LMDB crash consistency, again - openldap-devel

20 Oct 2014


      This paper 
https://www.usenix.org/conference/osdi14/technical-sessions/presentation/zhe... 
describes a potential crash vulnerability in LMDB due to its use of fdatasync 
instead of fsync when syncing writes to the data file.
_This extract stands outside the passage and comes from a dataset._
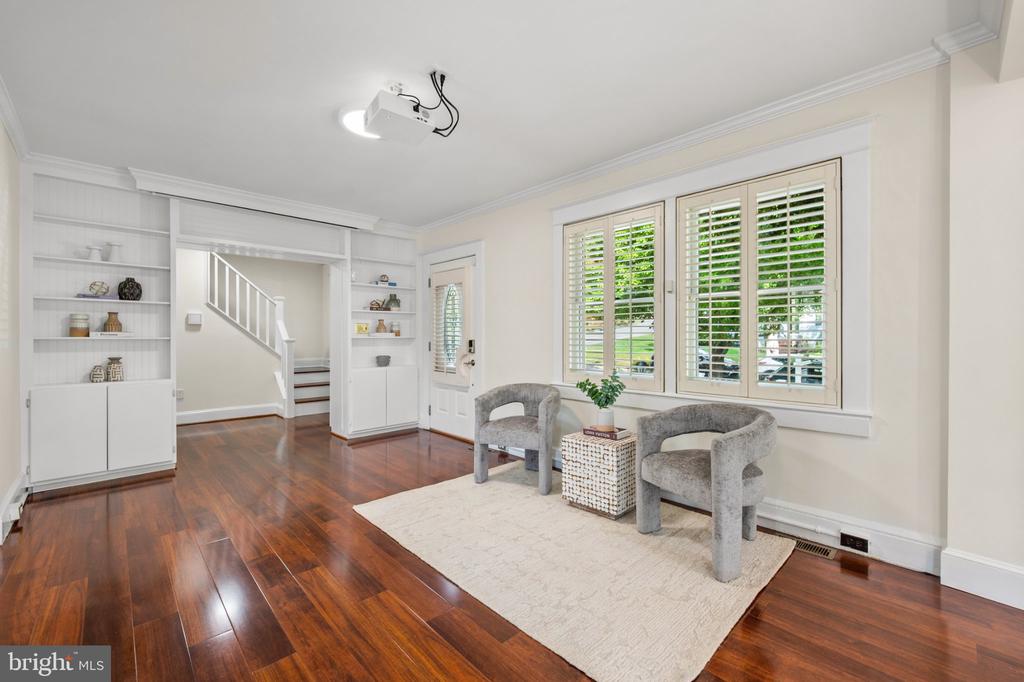 406 LEIGHTON AVENUE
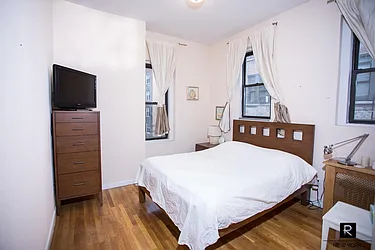 Rented by R New York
The vulnerability 
exists because fdatasync omits syncs of the file metadata; if the data file 
needed to grow as a result of any writes then this requires a metadata update.
This is a well-understood issue in LMDB; we briefly touched on it in this 
earlier email thread 
http://www.openldap.org/lists/openldap-technical/201402/msg00111.html and it's 
been a topic of discussion on IRC ever since the first multi-FS 
microbenchmarks we conducted back in 2012. http://symas.com/mdb/microbench/july/
It's worth noting that this vulnerability doesn't exist on Windows, MacOSX, 
Android, or *BSD, because none of these OSs have a function equivalent to 
fdatasync in the first place - they always use fsync (or the Windows 
equivalent). (Android is an oddball; the underlying Linux kernel of course 
supports fdatasync, but the C library, bionic, does not.)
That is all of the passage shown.